Chevron 7

5 minutes de lecture

Abandonnant définitivement leur première proie, qu’ils devaient juger moins intéressante que la nouvelle venue, les trois hommes commencèrent à s’approcher d’elle. La jeune fille, libre mais toujours en panique, la regardait d’un air perdu, Arténiss lui indiqua d’un coup de tête la rue qui menait vers l’avenue principale. Reprenant ses esprits, la pauvre lui jeta un dernier regard désolé et s’enfuit en courant.

Elle reporta son attention sur les trois hommes. Le premier à l’avoir vue, qui dépassait d’une tête ses deux compagnons, roulait des épaules et marchait avec l’assurance de celui qui dirige. Ou du moins essayait. Sa tentative d’exhibition était grandement compromise par sa démarche approximative et chaloupée, que ses deux comparses arboraient également. Elle n’avait pas besoin de plus de luminosité pour voir qu’ils étaient complètement saouls.

Lorsque le premier l’eut atteint, il lui attrapa le bras et ouvrit la bouche pour parler. L’odeur nauséabonde qui en sortit confirma l’état d’ébriété dans lequel il se trouvait.

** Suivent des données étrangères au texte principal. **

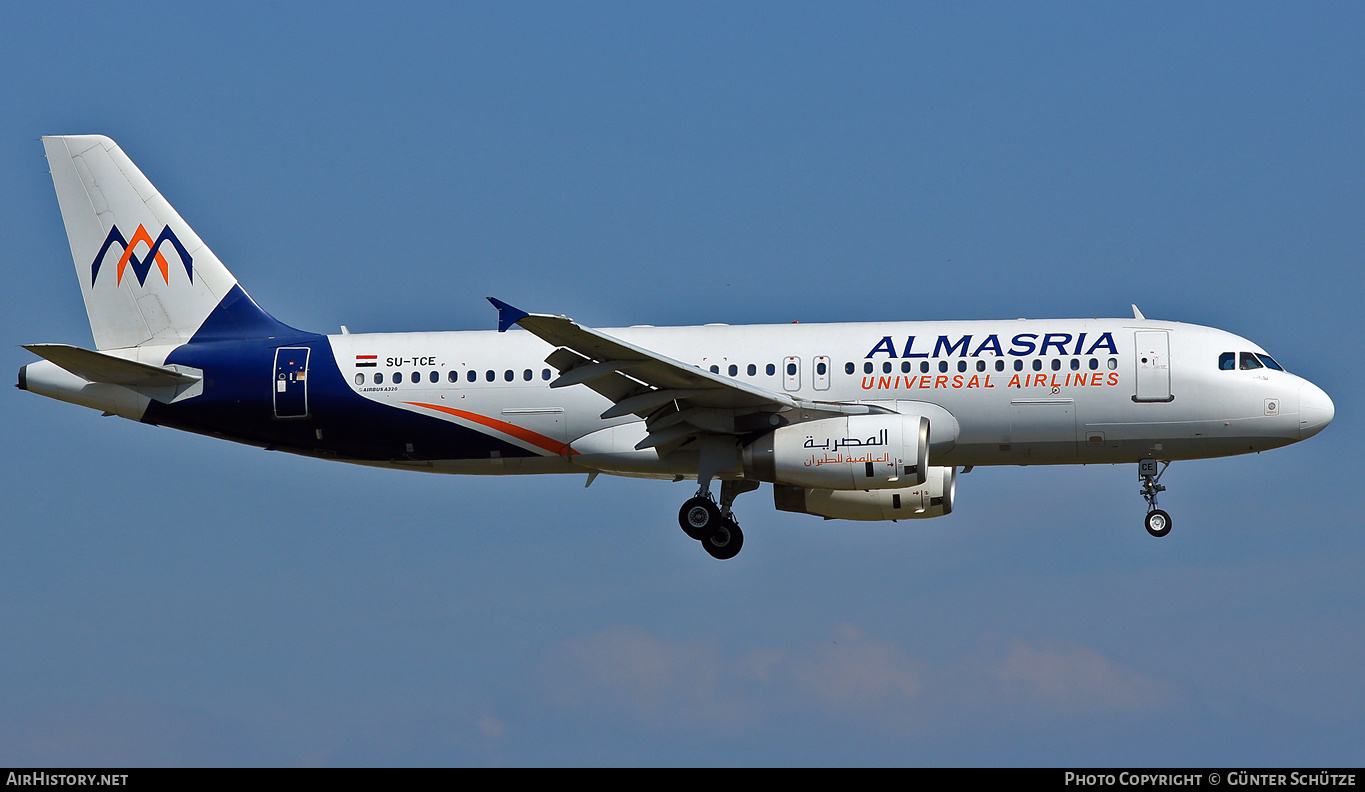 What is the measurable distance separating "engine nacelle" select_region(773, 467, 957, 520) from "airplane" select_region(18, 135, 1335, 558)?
0.19 feet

- Salut ma belle, belle soirée n’est-ce pas ? dit-il en désignant le plafond rouillé et sale qui les surplombait. Ça te dirait de la passer avec trois gars sympas ? On pourrait s’amuser un peu…

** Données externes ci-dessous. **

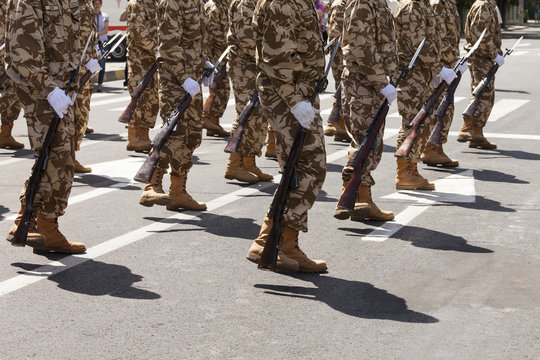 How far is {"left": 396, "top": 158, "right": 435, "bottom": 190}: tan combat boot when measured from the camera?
9.16 meters

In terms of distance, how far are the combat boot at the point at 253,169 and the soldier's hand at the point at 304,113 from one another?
3732 millimetres

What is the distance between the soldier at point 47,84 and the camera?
20.4ft

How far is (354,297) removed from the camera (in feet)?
18.7

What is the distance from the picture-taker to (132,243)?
23.1 feet

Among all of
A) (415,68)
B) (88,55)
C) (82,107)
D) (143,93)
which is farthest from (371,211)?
(143,93)

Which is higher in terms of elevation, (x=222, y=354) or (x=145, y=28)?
(x=145, y=28)

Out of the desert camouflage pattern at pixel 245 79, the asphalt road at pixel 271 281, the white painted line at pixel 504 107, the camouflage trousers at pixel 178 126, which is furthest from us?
the white painted line at pixel 504 107

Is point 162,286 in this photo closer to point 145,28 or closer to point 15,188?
point 15,188

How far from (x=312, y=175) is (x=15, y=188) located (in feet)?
13.4

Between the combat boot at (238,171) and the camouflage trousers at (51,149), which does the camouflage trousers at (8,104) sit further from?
the camouflage trousers at (51,149)

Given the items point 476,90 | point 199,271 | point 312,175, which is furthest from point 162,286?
point 476,90

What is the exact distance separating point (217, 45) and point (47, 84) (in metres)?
6.10

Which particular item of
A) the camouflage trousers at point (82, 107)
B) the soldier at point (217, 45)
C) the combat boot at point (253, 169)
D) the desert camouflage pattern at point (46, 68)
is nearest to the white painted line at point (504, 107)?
the soldier at point (217, 45)

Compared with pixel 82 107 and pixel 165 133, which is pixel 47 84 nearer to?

Ses yeux injectés de sang s’étaient posés avec tant d’assistance sur sa poitrine qu’elle la sentit presque la brûler. D’un geste parfaitement contrôlé, elle se dégagea de la prise de l’homme, qui semblait pourtant dix fois plus fort qu’elle.

- Ne me touche pas.

Quatre mots. Prononcés avec calme. Ni une demande, ni un ordre.

Un conseil.

L’homme parut surpris, à la fois par son ton serein et par la facilité avec laquelle elle s’était dégagée. Après un instant de ce qui aurait pu ressembler à de la réflexion si elle l’avait cru capable d’effectuer un exercice de la sorte, son sourire s’élargit.

- Tu joues la fille sûre d’elle ? J’aime ça. Mais je vois dans ton œil que tu as très envie de venir t’amuser avec nous, pas vrai les gars ? fit-il d’une voix grasse, dégoûtante.

Agacée, elle posa la main sur son crochet. Le Chaqui le remarqua et claqua de la langue. Portant la main à sa propre ceinture où un coutelet de cuisine était attaché.

- Tu n’auras pas besoin de ton cure-dent ma jolie, je vais te montrer quelque chose de bien plus imposant.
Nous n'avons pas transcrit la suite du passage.